Золотое сердечко и три камушка
Инна Клейн: «Хочу написать о событии, которое не исчезает из моей памяти… В воспоминаниях должно быть обязательно о любви.
В декабре 44-го года я вышла из школы довольно поздно. Накануне всю ночь шел снег, и идти можно было только по дорожкам среди сугробов. Снег не вывозили, машин не хватало. Только-только я пошла по дорожке домой, как с этих сугробов съехали прямо на меня несколько мальчишек. И, о ужас! – С ними Нолька (Арнольд) Попов – самый сильный и хулиганистый мальчишка из 5-го класса. Я прижалась спиной к сугробу и спрашиваю: «Бить будете? Глаза выцарапаю!» – И быстренько прячу варежки в карман, а портфель выставляю вперёд (по портфелю не бьют, там же чернильница-непроливайка стеклянная!) – сама съёжилась и стою. Я была невысокая, но плотненькая такая, а они хохочут, что-то говорят, и кто-то меня уже за косички дёргает.
И вдруг Нолька говорит, что они маленьких не бьют. Я очень обиделась, стала возмущаться и спорить, и как-то неожиданно оказалось, что мальчишек нет, а остался один Нолька, и мы пошли в сторону моего дома, о чем-то разговаривая. Мне надо сворачивать с тропинки к подъезду, а Нолик стоит и носком валенка роет притоптанный снег, голову опустил, смущается, интересуется, наточены ли у меня коньки. И вдруг наклоняется и говорит: «Смотри, что я откопал!» – и протягивает мне длинную золотую цепочку, а на ней такое фигурное золотое сердечко и три камушка. Мы стали глубже рыть и нашли обрывок цепочки с замочком, и он мне всё это подарил. Я растерялась, но потом всё-таки спросила: «А что, больше ваш двор меня бить не будет?»
Я не сразу, но цепочку взяла и с ней пришла домой и по секрету рассказала папе. Папа посоветовал вернуть подарок обратно. Нолик обратно её не взял, а позвал меня на каток. Это было что-то! Это было нарушение многих правил, так как у нас в классе была своя компания, и коньки мне точил другой мальчик, девочки отнеслись тоже очень отрицательно и с удивлением.
Честно сказать, я сама удивлялась больше всех. Нолик был очень хороший друг, и с ним я впервые в кино сидела не в первом ряду.
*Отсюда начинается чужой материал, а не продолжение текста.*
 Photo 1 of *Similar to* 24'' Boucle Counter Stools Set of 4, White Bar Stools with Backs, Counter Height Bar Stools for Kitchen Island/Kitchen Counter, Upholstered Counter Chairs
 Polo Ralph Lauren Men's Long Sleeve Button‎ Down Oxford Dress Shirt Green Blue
Даже на маму, видимо, моя дружба с ним повлияла, и мама переделала свой зелёный лыжный костюм, привезённый с «материка», на меня, и я тут же получила прозвище «зелёная евглена». Нолик всё умел делать, даже рубить эту жуткую солонину, чинить плитку и даже подружился с нашей овчаркой, а это было очень-очень не просто. К сожалению, в начале 5-го класса его отца куда-то перевели, а цепочка всю жизнь мне напоминает о нём, моём бескорыстном и хорошем друге».
Урановые рудники и папин наган
Инна Клейн: «Как интересно устроена человеческая память!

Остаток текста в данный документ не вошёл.